Yeah, I’m as shocked as you are, but it’s true. Kristin and her resting-bitchface husband Jay Cutler are providing me with a tiny dose of football every Sunday night, and I’m so desperate I’ll take it.
I won’t go into too detailed of a discussion about the show, mostly because I couldn’t care less about the manufactured plot lines (sorry, not sorry), but the gist is that Jay’s wife Kristin has a brand (Uncommon James) and is opening a store in Nashville. She’s “hired” a few employees, and the show follows Cavallari’s cohorts, along with Kristen and Jay (although not nearly enough).
The most annoying person she’s “hired” is a redhead named Shannon, who at 24 years old is convinced that she’s a social media marketing expert (pour vodka into a tall glass, chug the entire thing). Fun fact: Shannon used to date Chicago Bears lineman and former Jay Cutler teammate Kyle Long. Another fun fact: I’d rather only listen to a scratched Nickelback CD for the rest of my life than spend 10 minutes alone in a room with her.
Anyway, the greatest person on the show, surprisingly, is Jay Cutler.
The show needs more Jay and less of everyone else. Jay seems to agree.

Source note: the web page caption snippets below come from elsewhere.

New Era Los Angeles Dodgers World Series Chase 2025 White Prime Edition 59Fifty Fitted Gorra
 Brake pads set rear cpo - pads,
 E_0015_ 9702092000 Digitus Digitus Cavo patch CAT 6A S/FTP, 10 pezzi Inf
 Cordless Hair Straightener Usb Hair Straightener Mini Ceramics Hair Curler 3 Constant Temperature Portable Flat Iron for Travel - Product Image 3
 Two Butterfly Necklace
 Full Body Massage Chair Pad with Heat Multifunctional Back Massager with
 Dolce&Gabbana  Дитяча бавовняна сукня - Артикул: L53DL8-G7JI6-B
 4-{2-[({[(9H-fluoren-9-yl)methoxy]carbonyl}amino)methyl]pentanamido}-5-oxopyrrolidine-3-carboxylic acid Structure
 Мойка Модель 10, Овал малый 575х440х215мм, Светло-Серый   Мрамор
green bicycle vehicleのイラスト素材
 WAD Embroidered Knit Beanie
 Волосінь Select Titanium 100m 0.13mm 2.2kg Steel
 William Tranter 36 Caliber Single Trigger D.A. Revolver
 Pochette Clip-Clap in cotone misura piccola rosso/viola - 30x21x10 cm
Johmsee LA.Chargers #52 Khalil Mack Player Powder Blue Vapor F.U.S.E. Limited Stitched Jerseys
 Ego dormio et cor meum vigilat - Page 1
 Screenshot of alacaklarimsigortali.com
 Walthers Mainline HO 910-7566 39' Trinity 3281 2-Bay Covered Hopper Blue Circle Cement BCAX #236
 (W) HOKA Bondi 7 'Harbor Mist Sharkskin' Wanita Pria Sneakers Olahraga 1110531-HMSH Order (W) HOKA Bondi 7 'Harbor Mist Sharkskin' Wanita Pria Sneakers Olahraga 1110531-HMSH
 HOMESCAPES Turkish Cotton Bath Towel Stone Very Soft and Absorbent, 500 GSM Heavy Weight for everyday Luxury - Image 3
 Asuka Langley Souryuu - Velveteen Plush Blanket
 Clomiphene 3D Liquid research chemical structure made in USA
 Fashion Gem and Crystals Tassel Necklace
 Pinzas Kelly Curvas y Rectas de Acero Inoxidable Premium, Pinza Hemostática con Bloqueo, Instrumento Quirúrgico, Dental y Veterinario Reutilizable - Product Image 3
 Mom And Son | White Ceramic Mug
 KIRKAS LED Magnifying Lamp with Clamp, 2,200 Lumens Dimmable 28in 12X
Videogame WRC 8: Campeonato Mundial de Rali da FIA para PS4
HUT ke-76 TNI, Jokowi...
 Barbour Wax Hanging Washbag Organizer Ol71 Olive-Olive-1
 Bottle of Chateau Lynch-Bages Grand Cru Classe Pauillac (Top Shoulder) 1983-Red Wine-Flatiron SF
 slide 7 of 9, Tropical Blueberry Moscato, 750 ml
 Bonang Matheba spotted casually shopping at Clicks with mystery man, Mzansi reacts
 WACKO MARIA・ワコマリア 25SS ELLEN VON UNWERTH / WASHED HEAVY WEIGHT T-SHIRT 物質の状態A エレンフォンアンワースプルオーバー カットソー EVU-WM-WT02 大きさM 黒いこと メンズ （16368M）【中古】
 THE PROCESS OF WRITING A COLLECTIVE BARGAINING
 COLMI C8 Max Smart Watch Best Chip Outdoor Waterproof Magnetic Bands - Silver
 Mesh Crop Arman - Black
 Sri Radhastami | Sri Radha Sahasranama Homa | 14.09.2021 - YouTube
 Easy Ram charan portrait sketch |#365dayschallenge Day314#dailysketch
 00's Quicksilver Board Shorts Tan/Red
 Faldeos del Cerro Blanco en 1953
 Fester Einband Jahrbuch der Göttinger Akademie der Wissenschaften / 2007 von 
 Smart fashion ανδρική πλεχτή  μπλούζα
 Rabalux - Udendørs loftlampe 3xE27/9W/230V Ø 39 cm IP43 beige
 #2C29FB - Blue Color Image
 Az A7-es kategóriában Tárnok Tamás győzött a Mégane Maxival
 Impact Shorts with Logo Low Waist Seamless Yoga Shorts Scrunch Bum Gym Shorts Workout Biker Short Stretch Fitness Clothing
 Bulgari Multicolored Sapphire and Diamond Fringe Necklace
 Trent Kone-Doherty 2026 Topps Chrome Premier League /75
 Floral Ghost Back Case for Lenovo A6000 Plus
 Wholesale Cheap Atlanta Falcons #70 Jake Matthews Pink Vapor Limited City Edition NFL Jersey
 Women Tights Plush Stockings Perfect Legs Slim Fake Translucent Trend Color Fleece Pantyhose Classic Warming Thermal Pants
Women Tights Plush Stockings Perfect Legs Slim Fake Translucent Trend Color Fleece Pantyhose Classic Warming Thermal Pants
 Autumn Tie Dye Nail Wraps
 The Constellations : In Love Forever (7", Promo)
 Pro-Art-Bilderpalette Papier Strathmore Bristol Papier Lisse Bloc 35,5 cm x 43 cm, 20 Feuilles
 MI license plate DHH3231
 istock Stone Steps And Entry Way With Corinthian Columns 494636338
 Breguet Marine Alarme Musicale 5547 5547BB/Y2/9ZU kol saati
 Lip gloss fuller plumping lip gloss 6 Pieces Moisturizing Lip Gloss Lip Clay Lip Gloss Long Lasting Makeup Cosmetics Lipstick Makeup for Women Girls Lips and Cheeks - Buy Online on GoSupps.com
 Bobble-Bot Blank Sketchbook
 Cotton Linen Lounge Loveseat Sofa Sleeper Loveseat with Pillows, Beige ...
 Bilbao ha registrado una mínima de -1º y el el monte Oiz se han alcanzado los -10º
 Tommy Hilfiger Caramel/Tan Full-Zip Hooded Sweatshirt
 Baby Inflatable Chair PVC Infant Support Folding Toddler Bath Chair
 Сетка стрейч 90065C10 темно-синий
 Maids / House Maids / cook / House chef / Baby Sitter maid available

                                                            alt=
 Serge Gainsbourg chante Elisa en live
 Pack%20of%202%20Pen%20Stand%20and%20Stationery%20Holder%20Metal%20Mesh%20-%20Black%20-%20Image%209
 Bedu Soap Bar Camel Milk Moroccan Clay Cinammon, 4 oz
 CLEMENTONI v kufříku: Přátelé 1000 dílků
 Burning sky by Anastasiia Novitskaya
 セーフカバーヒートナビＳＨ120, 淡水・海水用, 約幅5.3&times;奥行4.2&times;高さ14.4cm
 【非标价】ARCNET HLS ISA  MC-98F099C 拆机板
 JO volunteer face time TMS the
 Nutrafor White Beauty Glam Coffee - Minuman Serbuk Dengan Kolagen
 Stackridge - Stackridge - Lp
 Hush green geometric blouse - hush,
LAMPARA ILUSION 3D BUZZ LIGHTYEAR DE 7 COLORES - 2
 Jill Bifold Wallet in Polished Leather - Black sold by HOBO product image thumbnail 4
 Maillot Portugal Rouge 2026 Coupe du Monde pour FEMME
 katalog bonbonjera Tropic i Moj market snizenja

There are quite a few NFL fans who can’t seem to get over the disliking of Jay the “quarterback” to enjoy Jay the “retired husband,” but they’re definitely missing out.
I’m praying E! is re-cutting future episodes to include more Jay, but since there are only bits of him mixed in, I’ve decided to turn “Very Cavallari” into a gambling game to quench my thirst.
Here are some prop bets to use weekly when watching America’s newest hit show. My recommendation? Turn this into a weekly drinking game or a way to spice up your Sunday night with your significant other. (Thank you to Barstool Chief for his help in coming up with some of these.)
Prop: Number of times Jay rolls his eyes
Jay and I feel the same way about most of Kristin’s employees. Cutler hates other human beings, especially dumb ones, making this over an intriguing weekly play…
Prop: Times Jay says something to Kristin that he has to apologize for
Kristin actually seems very at peace with her husband. I don’t know if this is normal; it could just be part of the agreement she made with him to allow cameras into their home. But it’s definitely surprising. That being said, there are still times when he says something that pisses her off and warrants an apology. So let’s bet on that, shall we?
Prop: Number of times Jay talks about, watches or refers to animals (NOT including their dogs)
So far we’ve seen Jay:
- Watch his buddy Dale (a deer) eat on a camera he’s set up in an unknown location
- Claim most of the fish in his fish tank are “thriving” despite the fact that he’s already had to replace most of them.
- Bust out binoculars mid-drive to check out some birds. (Bears fans wish he did the same thing before throwing into double coverage against the Eagles, Falcons or Cardinals)
- Brought goats to his house to fertilize his lawn.
- Taken Kristin to see a house he wants to buy and hinted that he’ll get chickens for the chicken coop if she moves there.
This prop would be a tough call week in and week out.
Prop: Times Kristin complains Jay doesn’t do anything
Retirement Jay teaches you a lot about Professional Football Jay. He makes it clear on numerous occasions that he doesn’t want to work, and it’s strangely endearing when he does it.
The dude made millions and makes it clear that he’s rich and wants to be a lazy piece of shit. I can respect that.
On the flip side, laziness can be extremely unpleasant for people who have to live with it. Kristin often finds ways to remind Jay of this. The under would be a safe play most weeks, but the over would occasionally cover in the first five minutes of an episode …
I was never a huge “Laguna Beach” fan, but Cavallari is entertaining, and this show really is addicting in all the best ways. The best part though, by far, is retired Cutler.
It turns out he was never meant to be a great quarterback; his calling all along was “reality TV superstar.”